Does it matter? Of course it does, because such one-sidedness highlights our courts’ greatest vulnerability: their legitimacy.
It is an observation as old as our republic that the federal courts have no self-executing authority. Their rulings are only as legitimate as they are persuasive: to the executive and legislative branches of the federal government, to the states, and ultimately to the public.
But the one-sided nature of federal judicial appointments — particularly in our time, when each party bitterly contests the legitimacy of the other — can lead, in the long term, to eventual defiance of the judiciary’s rulings as fatally politically tainted. President Trump’s open contempt for some judges and some rulings foreshadows a dark age indeed.

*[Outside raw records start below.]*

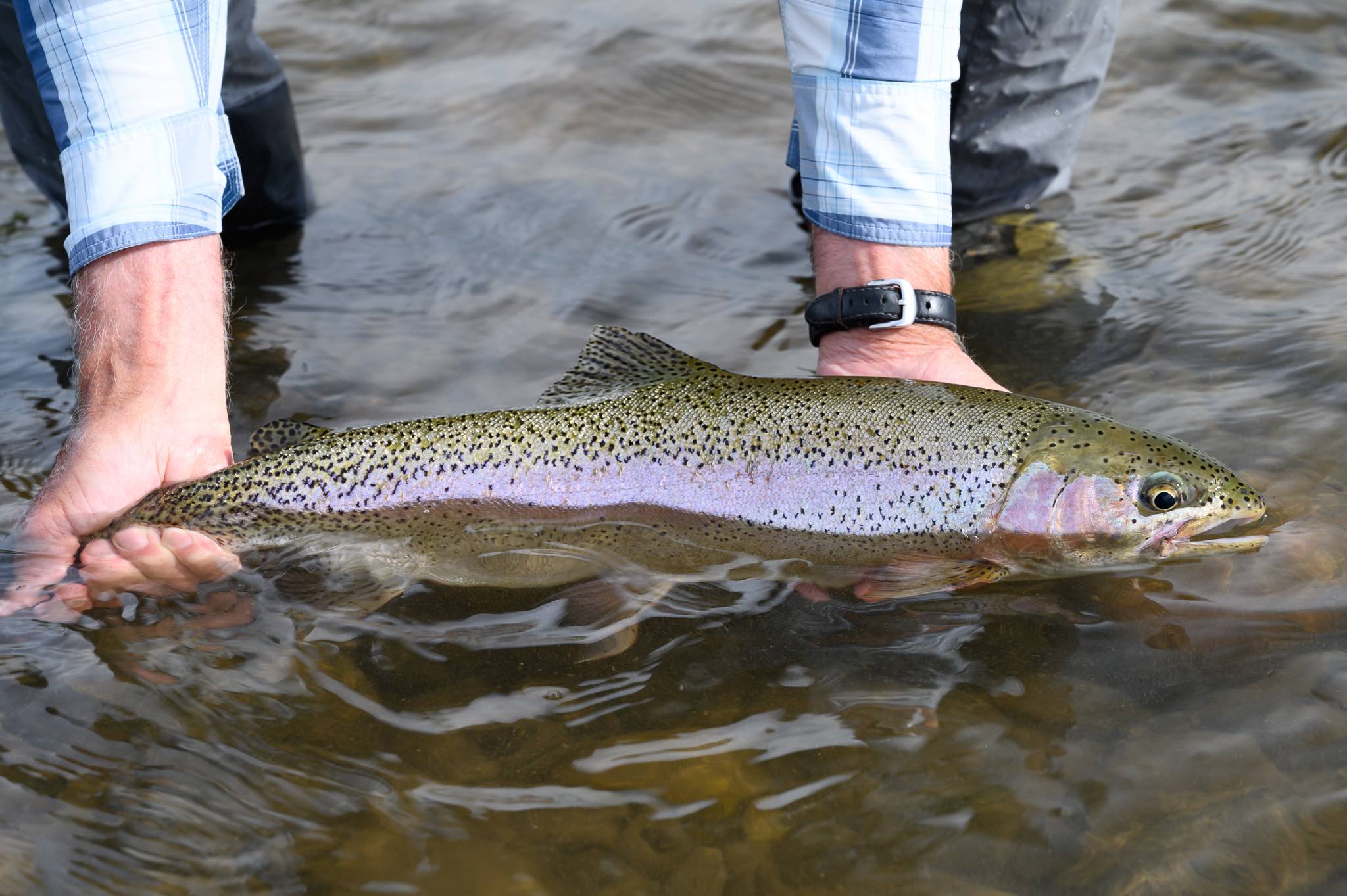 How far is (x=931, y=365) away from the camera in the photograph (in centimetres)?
346

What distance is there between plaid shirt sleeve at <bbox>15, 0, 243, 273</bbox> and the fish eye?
8.72 feet

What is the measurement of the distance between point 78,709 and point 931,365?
8.05 ft

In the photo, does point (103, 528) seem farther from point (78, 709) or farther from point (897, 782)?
point (897, 782)

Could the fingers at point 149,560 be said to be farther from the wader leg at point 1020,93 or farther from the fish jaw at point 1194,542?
the wader leg at point 1020,93

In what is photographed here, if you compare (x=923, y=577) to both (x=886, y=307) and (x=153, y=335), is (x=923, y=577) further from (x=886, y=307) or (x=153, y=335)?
(x=153, y=335)

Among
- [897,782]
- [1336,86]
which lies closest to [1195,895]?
[897,782]

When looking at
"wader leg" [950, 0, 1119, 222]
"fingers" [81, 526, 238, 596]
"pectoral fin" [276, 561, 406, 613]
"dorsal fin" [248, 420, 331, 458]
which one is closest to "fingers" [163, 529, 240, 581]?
"fingers" [81, 526, 238, 596]

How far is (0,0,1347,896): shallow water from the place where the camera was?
92.4 inches

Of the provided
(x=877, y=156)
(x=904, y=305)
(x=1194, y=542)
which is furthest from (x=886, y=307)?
(x=1194, y=542)

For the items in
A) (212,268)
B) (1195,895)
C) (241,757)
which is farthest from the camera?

Alternatives do exist. “New Jersey Justice” was considered a jurisprudential joke for much of the 19th and the first half of the 20th centuries. The adoption of a new state constitution in 1947 was accompanied, however, by an agreement that judicial appointments, which are made by the governor with advice and consent of the Senate, would reflect partisan balance, with roughly equivalent numbers of Democratic and Republican, and occasional independent, seats; the state Supreme Court would be 4-3 Democrat or Republican, depending on the party of the governor making the decisive appointment. In the 1980s, Republican Gov. Thomas Kean, later of 9/11 Commission fame, reappointed a Democrat, Robert Wilentz, as New Jersey’s chief justice.

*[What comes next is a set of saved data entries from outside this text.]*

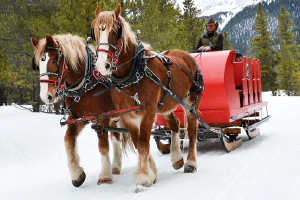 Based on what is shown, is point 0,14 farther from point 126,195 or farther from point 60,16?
point 126,195

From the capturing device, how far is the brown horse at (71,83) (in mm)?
3686

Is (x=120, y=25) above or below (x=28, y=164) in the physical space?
above

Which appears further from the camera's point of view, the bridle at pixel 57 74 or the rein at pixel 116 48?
the bridle at pixel 57 74

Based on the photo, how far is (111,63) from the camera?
341 centimetres

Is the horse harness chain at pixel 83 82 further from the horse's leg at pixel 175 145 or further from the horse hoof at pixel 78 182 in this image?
the horse's leg at pixel 175 145

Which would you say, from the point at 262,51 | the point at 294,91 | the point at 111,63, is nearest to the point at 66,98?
the point at 111,63

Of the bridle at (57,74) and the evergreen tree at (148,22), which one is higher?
the evergreen tree at (148,22)

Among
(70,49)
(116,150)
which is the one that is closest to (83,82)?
(70,49)

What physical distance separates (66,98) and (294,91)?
41.7 meters

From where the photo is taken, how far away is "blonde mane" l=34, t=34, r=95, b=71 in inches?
147

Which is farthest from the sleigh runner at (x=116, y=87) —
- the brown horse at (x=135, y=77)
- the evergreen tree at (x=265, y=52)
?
the evergreen tree at (x=265, y=52)

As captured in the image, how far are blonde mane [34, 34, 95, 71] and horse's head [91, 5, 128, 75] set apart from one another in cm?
58

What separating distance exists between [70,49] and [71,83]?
1.53ft

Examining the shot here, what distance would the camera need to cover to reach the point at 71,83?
165 inches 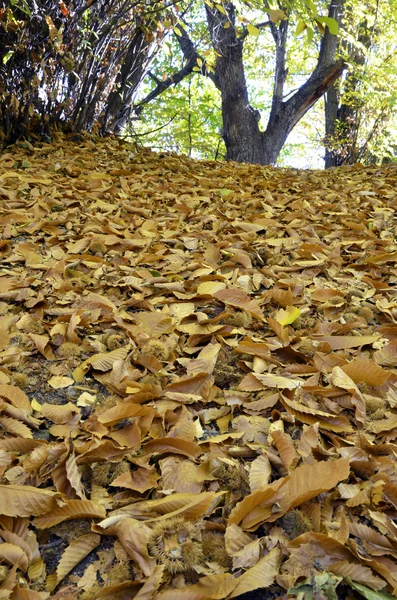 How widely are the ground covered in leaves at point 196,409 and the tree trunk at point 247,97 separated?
403 cm

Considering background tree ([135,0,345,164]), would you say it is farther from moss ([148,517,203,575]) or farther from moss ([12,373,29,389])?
moss ([148,517,203,575])

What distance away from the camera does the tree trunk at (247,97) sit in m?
5.90

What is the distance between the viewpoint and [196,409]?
4.27ft

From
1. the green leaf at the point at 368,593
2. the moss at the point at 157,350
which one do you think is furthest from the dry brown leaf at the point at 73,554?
the moss at the point at 157,350

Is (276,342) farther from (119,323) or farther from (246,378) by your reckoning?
(119,323)

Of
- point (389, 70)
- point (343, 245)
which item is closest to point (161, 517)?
point (343, 245)

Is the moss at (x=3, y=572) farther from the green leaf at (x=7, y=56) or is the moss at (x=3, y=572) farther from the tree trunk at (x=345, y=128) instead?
the tree trunk at (x=345, y=128)

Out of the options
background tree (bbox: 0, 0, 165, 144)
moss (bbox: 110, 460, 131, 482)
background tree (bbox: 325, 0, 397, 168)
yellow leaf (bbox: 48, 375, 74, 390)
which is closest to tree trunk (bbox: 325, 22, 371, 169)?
background tree (bbox: 325, 0, 397, 168)

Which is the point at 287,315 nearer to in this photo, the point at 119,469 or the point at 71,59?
the point at 119,469

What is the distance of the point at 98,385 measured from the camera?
142cm

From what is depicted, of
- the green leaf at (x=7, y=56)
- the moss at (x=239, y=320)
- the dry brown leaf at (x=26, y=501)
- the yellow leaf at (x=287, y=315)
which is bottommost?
the dry brown leaf at (x=26, y=501)

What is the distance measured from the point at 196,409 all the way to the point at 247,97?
18.9 ft

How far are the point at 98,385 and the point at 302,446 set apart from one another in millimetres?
625

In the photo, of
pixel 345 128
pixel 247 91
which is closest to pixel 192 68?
pixel 247 91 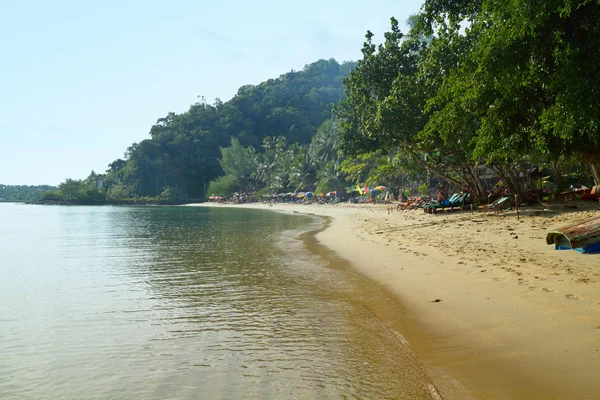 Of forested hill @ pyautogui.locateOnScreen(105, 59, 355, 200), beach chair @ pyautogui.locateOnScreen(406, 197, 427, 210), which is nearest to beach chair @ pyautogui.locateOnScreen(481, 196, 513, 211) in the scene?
beach chair @ pyautogui.locateOnScreen(406, 197, 427, 210)

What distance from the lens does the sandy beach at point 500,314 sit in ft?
12.2

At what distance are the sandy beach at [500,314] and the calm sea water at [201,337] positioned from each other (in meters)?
0.46

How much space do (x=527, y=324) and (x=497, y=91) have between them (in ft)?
21.4

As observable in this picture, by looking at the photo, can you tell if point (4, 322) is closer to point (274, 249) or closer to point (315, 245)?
point (274, 249)

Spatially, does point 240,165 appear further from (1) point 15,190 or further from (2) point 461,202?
(1) point 15,190

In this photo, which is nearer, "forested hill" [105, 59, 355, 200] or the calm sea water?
the calm sea water

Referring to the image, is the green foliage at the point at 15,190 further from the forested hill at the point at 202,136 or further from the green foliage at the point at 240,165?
the green foliage at the point at 240,165

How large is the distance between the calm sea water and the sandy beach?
461 millimetres

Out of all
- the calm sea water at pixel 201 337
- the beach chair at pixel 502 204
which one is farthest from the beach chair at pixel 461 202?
the calm sea water at pixel 201 337

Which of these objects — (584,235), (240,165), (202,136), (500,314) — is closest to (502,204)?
(584,235)

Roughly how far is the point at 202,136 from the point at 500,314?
106m

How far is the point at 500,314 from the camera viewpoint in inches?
212

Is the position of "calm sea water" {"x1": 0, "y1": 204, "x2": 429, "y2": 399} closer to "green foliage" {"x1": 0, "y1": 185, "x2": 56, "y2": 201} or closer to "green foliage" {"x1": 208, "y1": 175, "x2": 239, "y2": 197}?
"green foliage" {"x1": 208, "y1": 175, "x2": 239, "y2": 197}

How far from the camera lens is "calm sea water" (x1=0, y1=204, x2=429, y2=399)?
4141mm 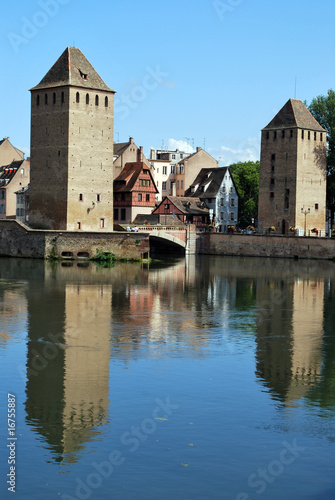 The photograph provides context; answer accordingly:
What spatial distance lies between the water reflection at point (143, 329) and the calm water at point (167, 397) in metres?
0.06

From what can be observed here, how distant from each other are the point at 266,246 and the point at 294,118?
1243cm

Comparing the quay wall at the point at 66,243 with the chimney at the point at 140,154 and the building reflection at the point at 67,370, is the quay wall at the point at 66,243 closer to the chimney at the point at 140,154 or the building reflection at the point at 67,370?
the building reflection at the point at 67,370

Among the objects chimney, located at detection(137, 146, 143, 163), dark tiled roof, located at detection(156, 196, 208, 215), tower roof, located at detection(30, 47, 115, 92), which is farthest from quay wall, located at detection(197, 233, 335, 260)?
tower roof, located at detection(30, 47, 115, 92)

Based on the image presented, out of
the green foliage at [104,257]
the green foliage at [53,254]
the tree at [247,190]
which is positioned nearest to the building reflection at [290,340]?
the green foliage at [104,257]

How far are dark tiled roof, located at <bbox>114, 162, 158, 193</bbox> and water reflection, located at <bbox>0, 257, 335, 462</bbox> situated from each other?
985 inches

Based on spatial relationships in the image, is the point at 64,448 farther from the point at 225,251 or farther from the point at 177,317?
the point at 225,251

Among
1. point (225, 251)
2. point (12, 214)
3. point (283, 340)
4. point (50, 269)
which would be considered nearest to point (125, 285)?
point (50, 269)

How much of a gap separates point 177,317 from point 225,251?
4022cm

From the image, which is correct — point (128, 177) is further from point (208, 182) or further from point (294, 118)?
point (294, 118)

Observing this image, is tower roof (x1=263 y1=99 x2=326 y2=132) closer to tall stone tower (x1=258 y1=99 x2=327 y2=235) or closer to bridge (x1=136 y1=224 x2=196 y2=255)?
tall stone tower (x1=258 y1=99 x2=327 y2=235)

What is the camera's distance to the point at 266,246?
2564 inches

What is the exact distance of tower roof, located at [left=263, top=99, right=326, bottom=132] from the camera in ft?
229

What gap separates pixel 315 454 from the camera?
13.1 m

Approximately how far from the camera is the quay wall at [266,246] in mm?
62272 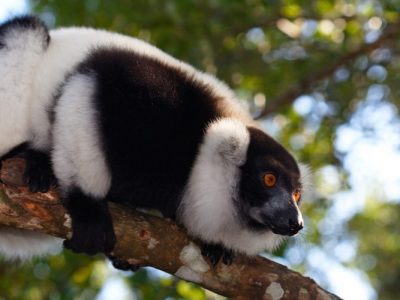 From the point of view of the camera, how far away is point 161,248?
3.95 meters

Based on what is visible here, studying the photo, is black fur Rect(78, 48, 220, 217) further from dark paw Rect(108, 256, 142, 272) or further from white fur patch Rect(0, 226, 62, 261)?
white fur patch Rect(0, 226, 62, 261)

The requirement that New Jersey governors appoint roughly half of the judges from outside their party has resulted in a largely nonpartisan state judiciary; Democratic governors have tended to appoint moderate Republicans, and Republican governors have tended to appoint moderate Democrats. Although no system is perfect, on balance New Jersey’s has worked well.
Nor is New Jersey alone in requiring partisan balance in its judiciary. Delaware went beyond tradition, enshrining in its state constitution requirements that no more than a “bare majority” of the composition of the state’s five main courts can be composed of judges affiliated with a single political party; composition of the state Supreme Court, Court of Chancery and Superior Court is limited to a “bare majority” of one “major party” and a minority from the “other major party.” (The latter scheme, of course, excludes political independents — typically a larger group than either Democrats or Republicans — from service as judges on the state’s Supreme Court, Court of Chancery and Superior Court; a first amendment challenge to it, Carney v. Adams, was the first case argued in the U.S. Supreme Court this term.)
The adoption of a similarly balanced approach at the federal level may seem a pipe dream at best. The temptation for a Biden administration, in tandem with a Democratic Senate, to respond in kind to McConnell’s aggressively ideological approach to filling judicial vacancies may well prove overwhelming. But statesmen and women of both parties should think long and hard about the ramifications of hard partisanship. The long-term cost of the parties’ one-sided approach to judicial nominees will be seen in a decline in the perceived legitimacy of federal court decisions, no matter who is issuing them.
John Farmer Jr. is director of the Eagleton Institute of Politics at Rutgers University. He is a former assistant U.S. attorney, counsel to the governor of New Jersey, New Jersey attorney general, senior counsel to the 9/11 Commission, dean of Rutgers Law School, and executive vice president and general counsel of Rutgers University.